Ancient monotheistic sect ponders future after fall of Saddam Hussein

One of the oldest monotheistic faiths with followers still concentrated in the Middle East is the Sabean faith, which predates Judaism, Christianity and Islam.

Our ancestors first appeared in Palestine where Prophet Yehia (John the Baptist) baptized Jesus in the Jordan River,according to Alaa Dehlah, spokesperson of the sect.

Dehlah told The Daily Star that in 70 BC, however, Jews repressed the Sabeans who moved to southern Mesopotamia. He added that Sabeans, also known as Mendean Sabeans, lived in areas that are abundant in water.

Today, followers of the oldest known monotheistic faith number some 200,000, most of whom live in Iraq while a few live in Iran and in Western countries.

The Sabean faith is based on five main pillars: monotheism, prayer, fasting, charity and a special form of baptism which is practiced often and is supposed to cleanse the souls of Sabean believers and wash them of their sins.

Alcoholic beverages are prohibited under Sabeanism. As for women’s headdresses, they are not mandated but women are expected to cover their heads whenever they enter the sect’s house of worship.

Like the three other monotheistic religions, Sabeanism believes that Adam was the father of humanity and that, throughout human history, there was a succession of prophets the last of whom was Yehia (John the Baptist).

The sect’s symbol is the Prophet Yehia’s flag wrapping two sticks made of a special kind of timber positioned in the shape of a plus and not a cross. On top of the Sabean plus stand two olive oil branches.

Our symbol stands for three main principles, namely life, peace and light, said Dehlah.

Sabeanism is not open for converts. Non-Sabeans are not allowed to attend Sabean ceremonies held every Sunday. The Sabean holy book is called Kanzerba and is written in Eastern Aramaic, a Semitic language believed to be an ancestor of Arabic and Hebrew.

In 2001, Kanzerba was translated to Arabic and copies are freely circulated. Even though the faith itself does not welcome new comers; its teachings are public.

In Baghdad, the sect has a single worship house. When The Daily Star visited the Sabeans’ place of congregation, the sect’s council was convening to discuss its future in light of the regime change in the country.

Inside the T-shaped Menda, the name of the house of worship, sat some 300 Sabean delegates who came from around the country.

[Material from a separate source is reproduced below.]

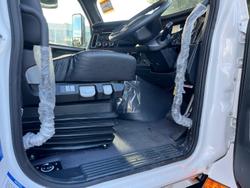 2024 Freightliner Cascadia 126 Tipper White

Rows of seats facing each other and perpendicular to the Menda’s entrance were filled with Sabean laymen and religious leaders.

Also attending was the top Sabean religious leader Kanzebra Sattar Jabbar Helo, a white-bearded man dressed in a white robe and headdress.

We’re discussing the future of the sect and not that of the country since, as a sect, we do not deal with politics, said Dehlah who offered to brief The Daily Star on the meeting’s debate by summarizing the minutes he had taken.

Dehlah argued that inside the Menda he was a Mendean Sabean but outside the worship house he was an ordinary Iraqi citizen. The sect also forbids that its followers serve in official posts, he said.

The sect was reportedly on good terms with Saddam Hussein’s regime. In the monthly magazine Mendean Perspectives, the issue published just prior to the downfall of the regime displayed a picture of the deposed Iraqi president with praise from Kanzebra Helo.

Mendean Perspectives was never circulated, however, because it had the toppled Iraqi leader’s picture in it.

But several Iraqis described the Sabeans as being Saddam’s cronies. This impression probably surfaced because a famous Sabean poet, Abdel-Razzaq Abdel-Wahed, constantly praised Saddam Hussein in his verse.

In this case, Abdel-Wahed was not an exception since all Iraqi poets living under the Saddam Hussein rule had no choice but to hail the achievements of their omnipotent president.

I served in the army between 1986 and 1991 because I had to. When I finished my military service, I could not find a job because I was not a member of the ruling Baath Party, said Dehlah.

I hope things would change for the better and the Sabeans would live in peace and participate in the building of a better country, he said.